**Task details:** An exact transcription of all the data is required; the pictures are to be left out.

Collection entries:

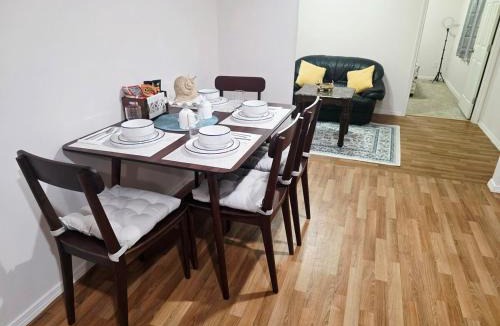 Woodlake - Briar Meadow House | Cozy Houston Retreat Near Galleria-2BR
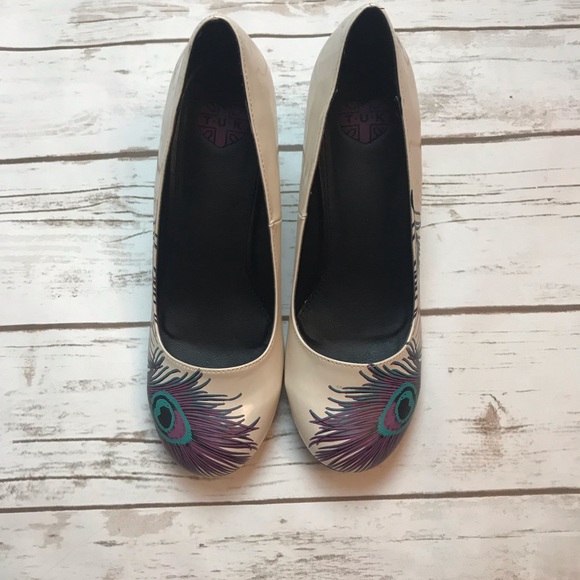 ModCloth TUK Peacock Feather Heels Shoes - Picture 4 of 8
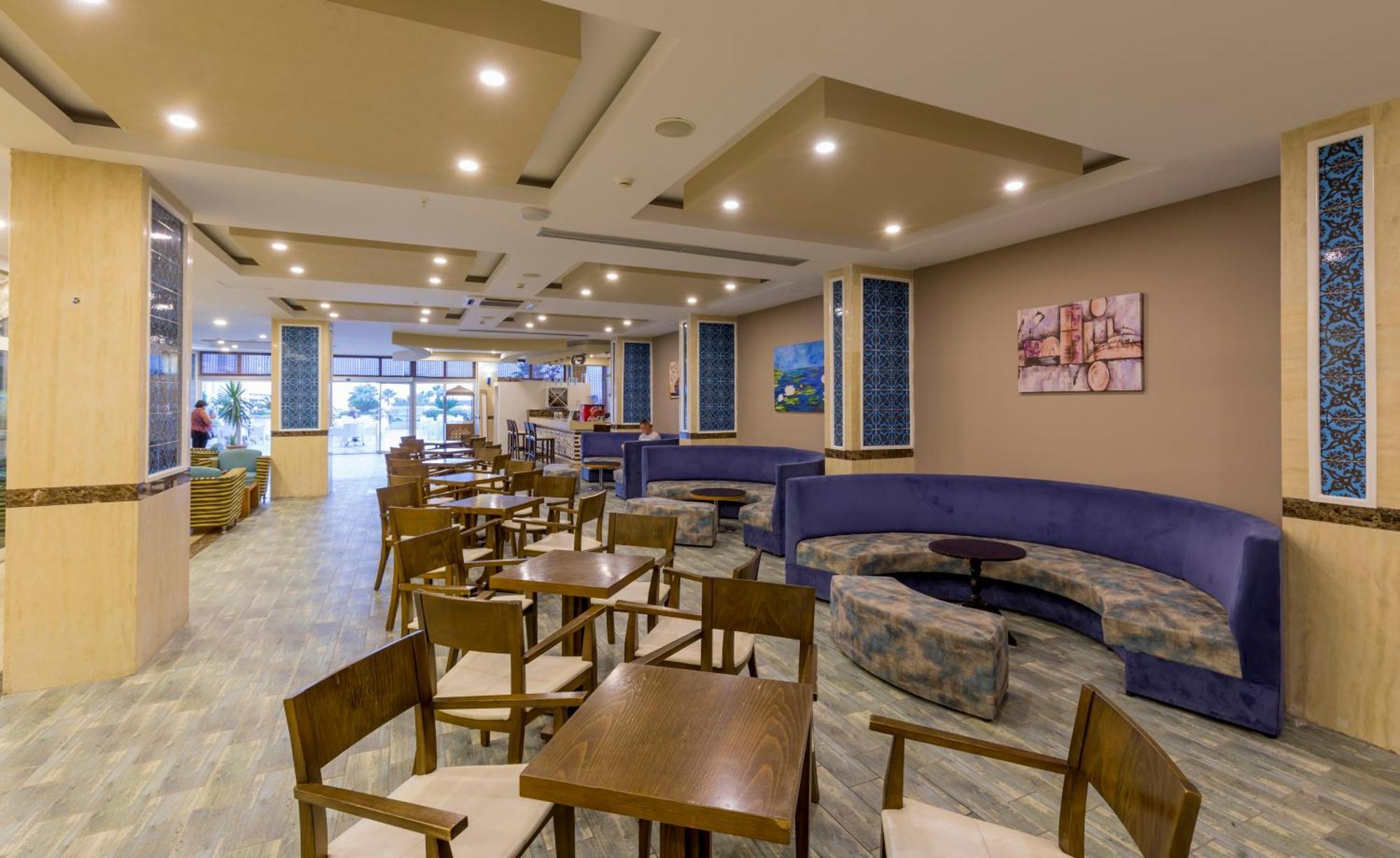Holiday Garden Resort โอคูร์จาลาร์ ภายนอก รูปภาพ
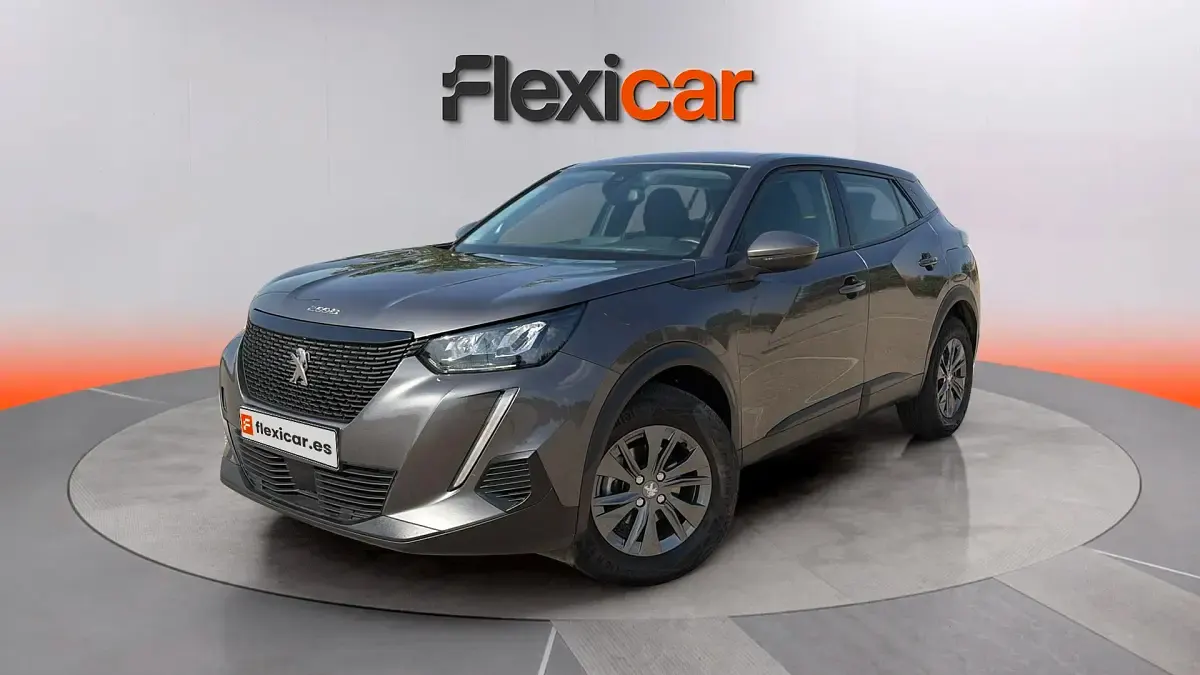 Usado Peugeot 2008 Active 110 CV (80 kW) 2021 Gris SUV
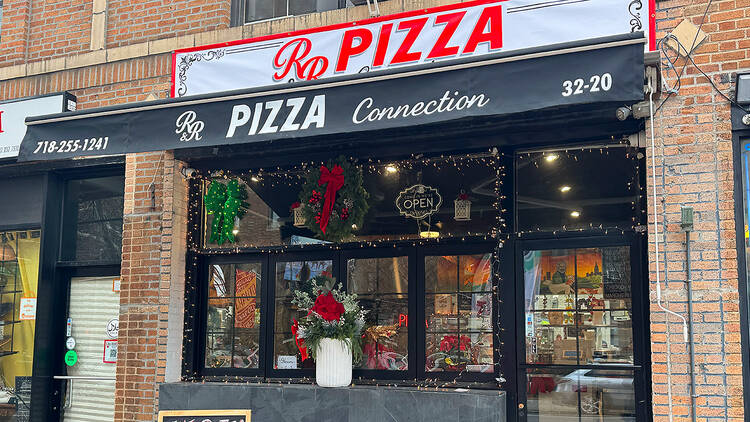 6 6 (R&R Pizza Collection)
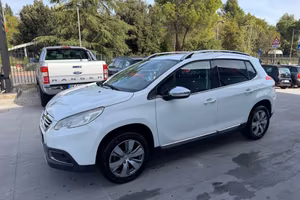 Peugeot 2008 1.2 VTi 82CV Allure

**Answer area:**
 Woodlake - Briar Meadow House | Cozy Houston Retreat Near Galleria-2BR
 ModCloth TUK Peacock Feather Heels Shoes - Picture 4 of 8
Holiday Garden Resort โอคูร์จาลาร์ ภายนอก รูปภาพ
 Usado Peugeot 2008 Active 110 CV (80 kW) 2021 Gris SUV
 6 6 (R&R Pizza Collection)
 Peugeot 2008 1.2 VTi 82CV Allure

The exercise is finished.